Here are some stylistic suggestions:
> diff --git a/src/search.c b/src/search.c
> index 9d73abc..ce9f92c 100644
> --- a/src/search.c
> +++ b/src/search.c
> @@ -220,20 +220,22 @@ kwsmusts (void)
>
> #ifdef MBS_SUPPORT
>
> -static char*
> -check_multibyte_string(const char *buf, size_t size)
> +static bool
> +is_mb_middle(const char **good, const char *buf, const char *end)
> {
> - char *mb_properties = xcalloc(size, 1);
> + const char *p = *good, *prev = p;
Please declare only one variable per line.

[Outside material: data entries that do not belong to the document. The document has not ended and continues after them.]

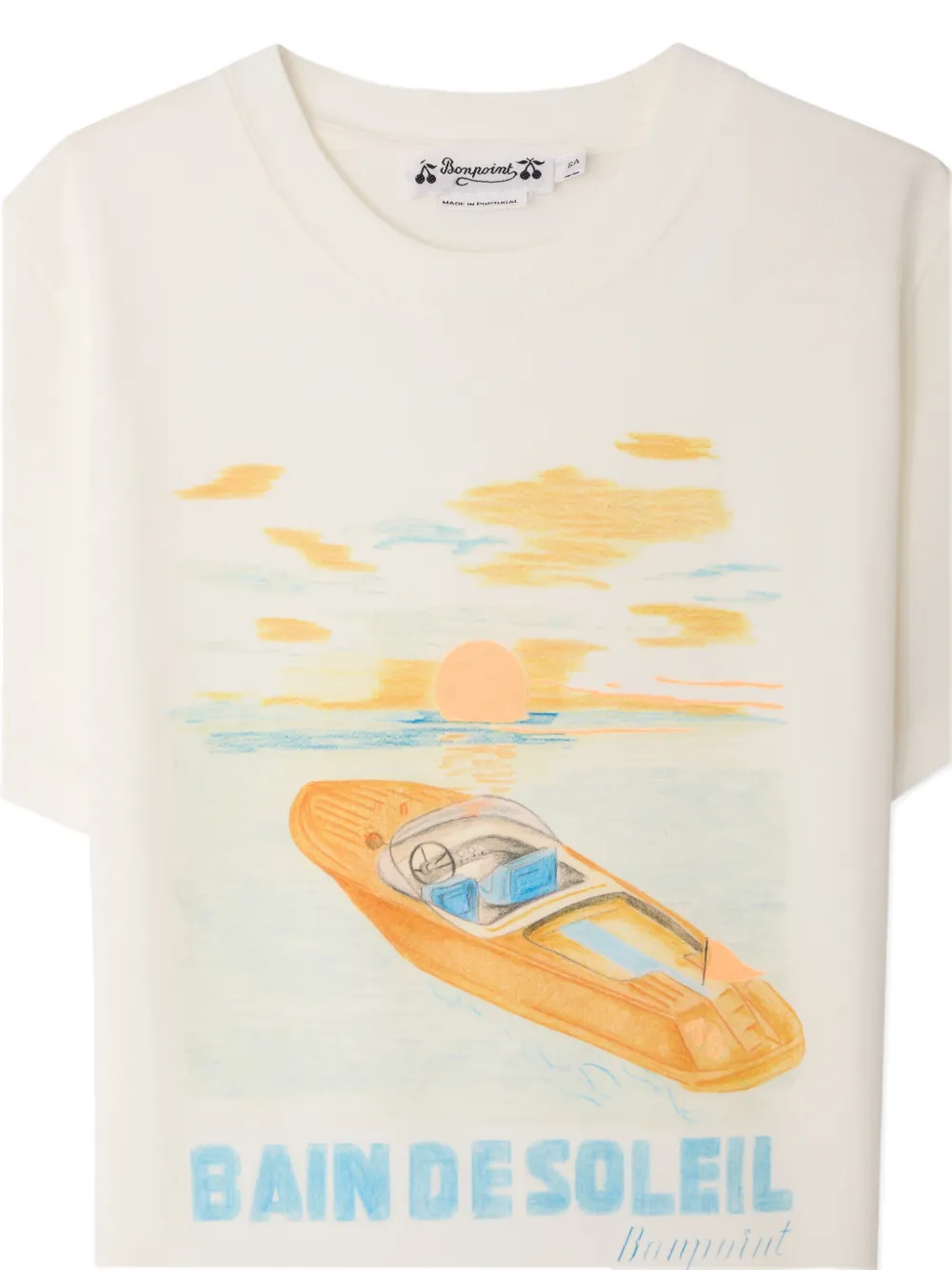 Thibald Graphic-Print T-Shirt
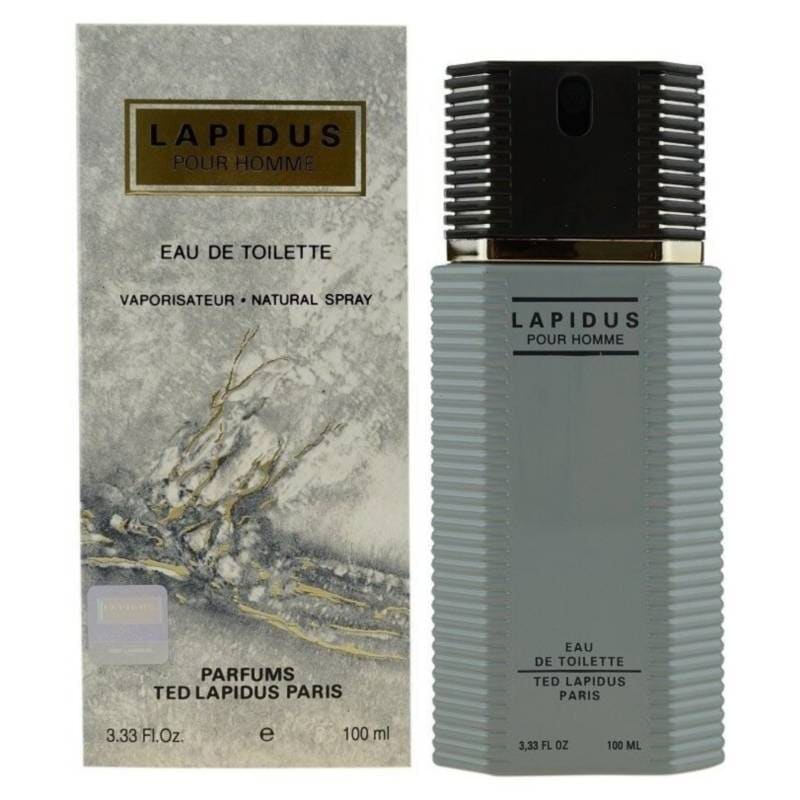 Ted Lapidus Lapidus Pour Homme edt 100ml Hombre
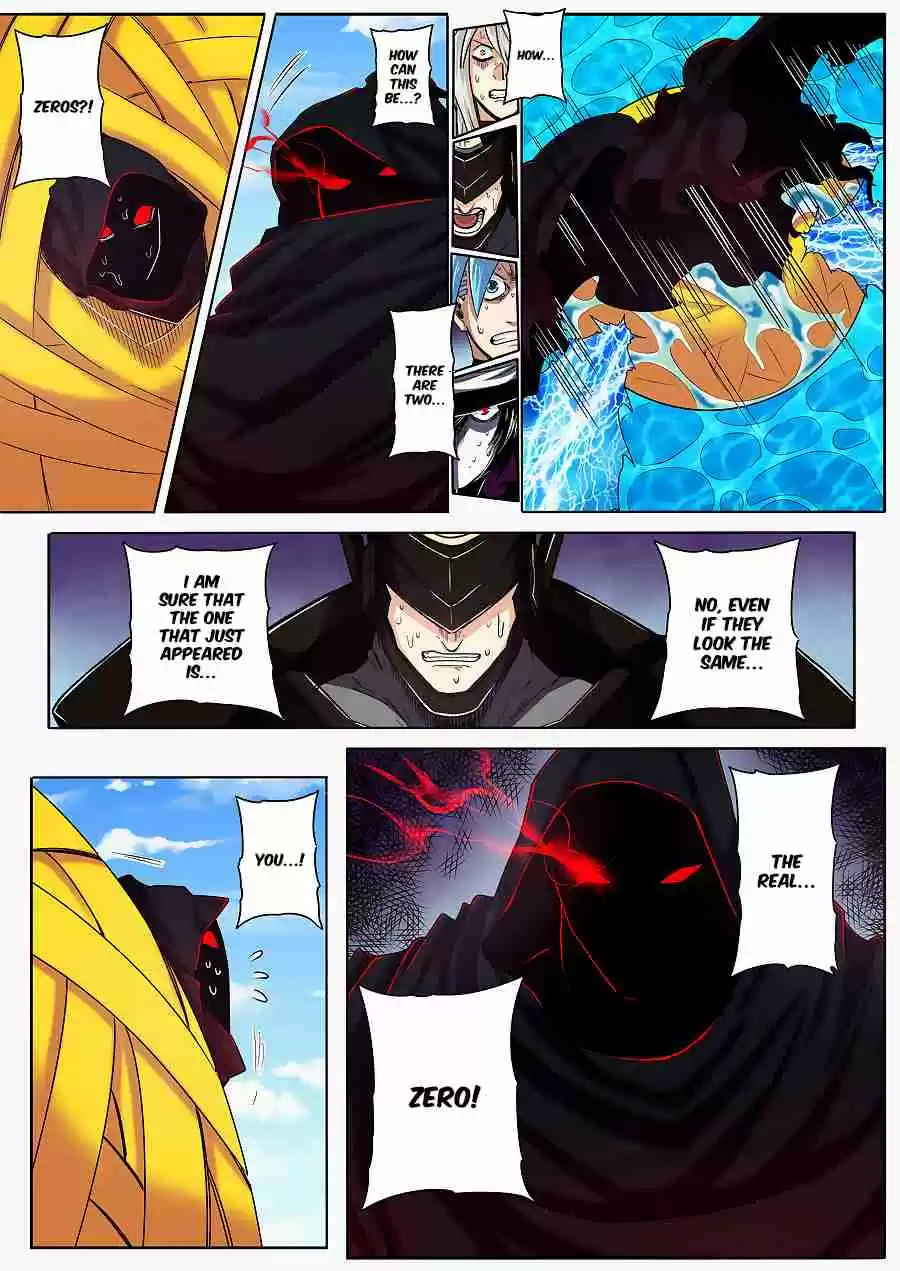 Hero? I Quit A Long Time Ago Ch. 56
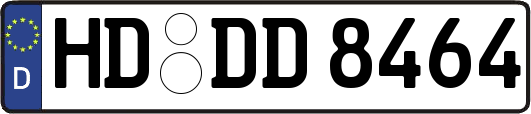 HD-DD8464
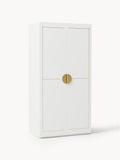 Galeriebild 1 - Modularer Drehtürenschrank Denise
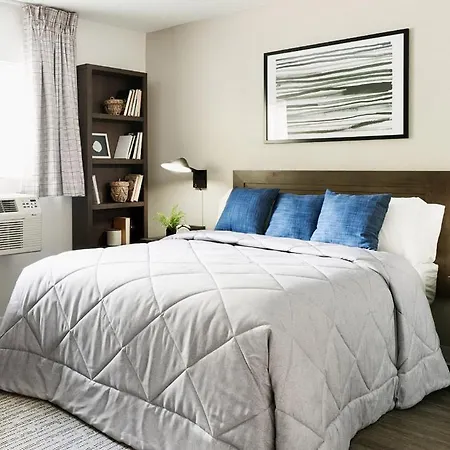 Intown Suites Extended Stay Select Atlanta Ga - Morrow-3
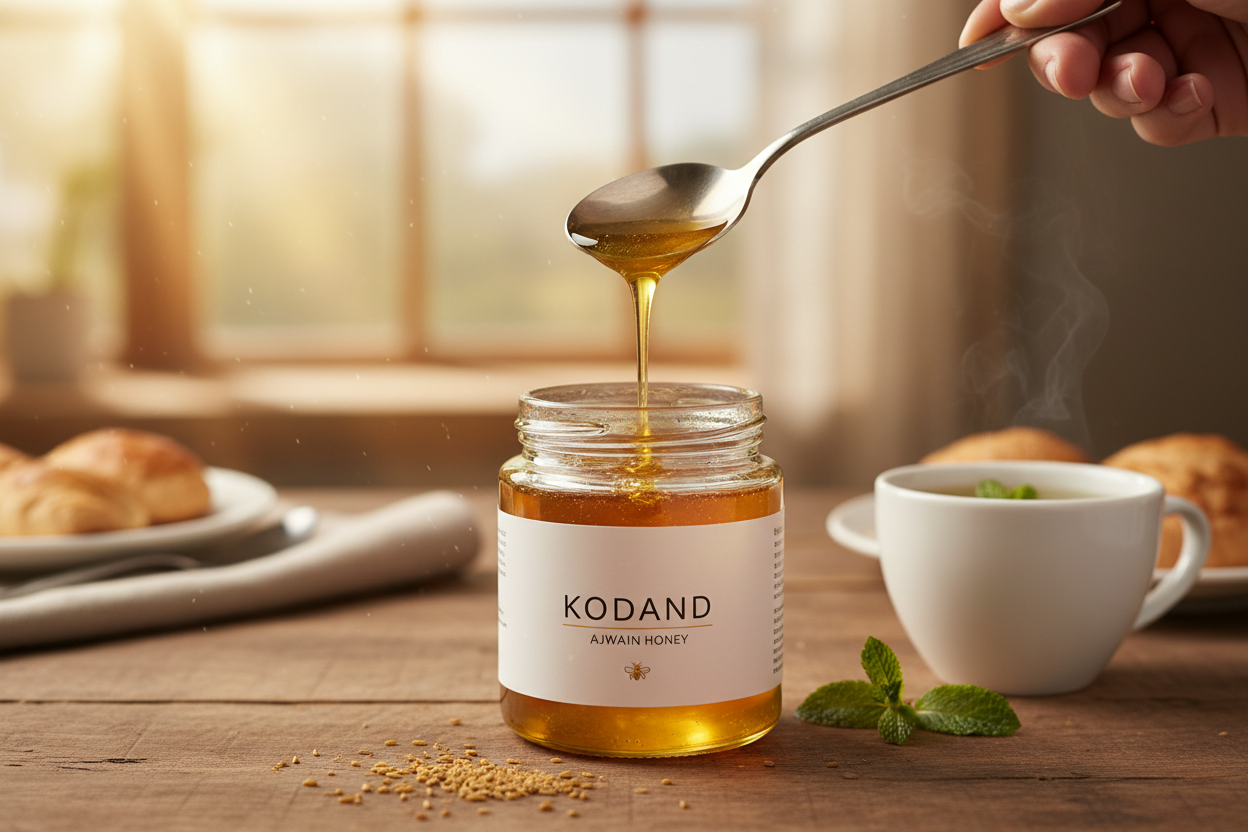 Best Time to Consume Ajwain Honey – Unlock Maximum Benefits Daily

IMHO, this is far more readable than the one-line version above:
const char *p = *good;
const char *prev = p;
I haven't said much about this yet because there are so many legacy violations.
This is a general rule discussed in the GCS, but it is especially
important when a declaration comes with an initialization.
> mbstate_t cur_state;
> - wchar_t wc;
> - int i;
>
> + /* TODO: can be optimized for UTF-8. */
> memset(&cur_state, 0, sizeof(mbstate_t));
> -
> - for (i = 0; i < size ;)
> + while (p < buf)
> {
> size_t mbclen;
> - mbclen = mbrtowc(&wc, buf + i, size - i, &cur_state);
> + mbclen = mbrlen(p, end - p, &cur_state);
Saving vertical space is good for readability, too.
Please merge declaration and first assignment when possible:
size_t mbclen = mbrlen(p, end - p, &cur_state);
> + /* Store the beginning of the previous complete multibyte character.
> */
> + if (mbclen != (size_t) -2)
> + prev = p;
>
> if (mbclen == (size_t) -1 || mbclen == (size_t) -2 || mbclen == 0)
> {
> @@ -241,11 +243,11 @@ check_multibyte_string(const char *buf, size_t size)
> We treat it as a single byte character. */
> mbclen = 1;
> }
> - mb_properties[i] = mbclen;
> - i += mbclen;
> + p += mbclen;
> }
>
> - return mb_properties;
> + *good = prev;
> + return p > buf;
...
> diff --git a/tests/euc-mb b/tests/euc-mb
> new file mode 100644
> index 0000000..a59c295
> --- /dev/null
> +++ b/tests/euc-mb
> @@ -0,0 +1,23 @@
> +#!/bin/sh
> +# test that matches starting in the middle of a multibyte char aren't
> rejected
> +# too greedily.
> +# Derived from https://savannah.gnu.org/bugs/?23814
> +: ${srcdir=.}
> +. "$srcdir/init.sh"; path_prepend_ ../src
> +
> +make_input () {
> + echo "$1" | tr AB '\244\263'
> +}
> +
> +euc_grep () {
> + LC_ALL=ja_JP.EUC-JP grep `make_input "$1"`
I'm a little nervous about using an unquoted multi-byte argument to grep.
How about adding quotes?
pat=$(make_input "$1")
LC_ALL=ja_JP.EUC-JP grep "$pat"
> +}
> +
> +if make_input BABA |euc_grep AB ; then
> + skip_ 'EUC-JP locale seems not to work'
> +fi
>
> +make_input BABAAB |euc_grep AB || \
> + fail_ 'whole line rejected after matching in the middle of a multibyte
> char'
> +
> +exit 0
It's slightly more portable to finish with "Exit 0".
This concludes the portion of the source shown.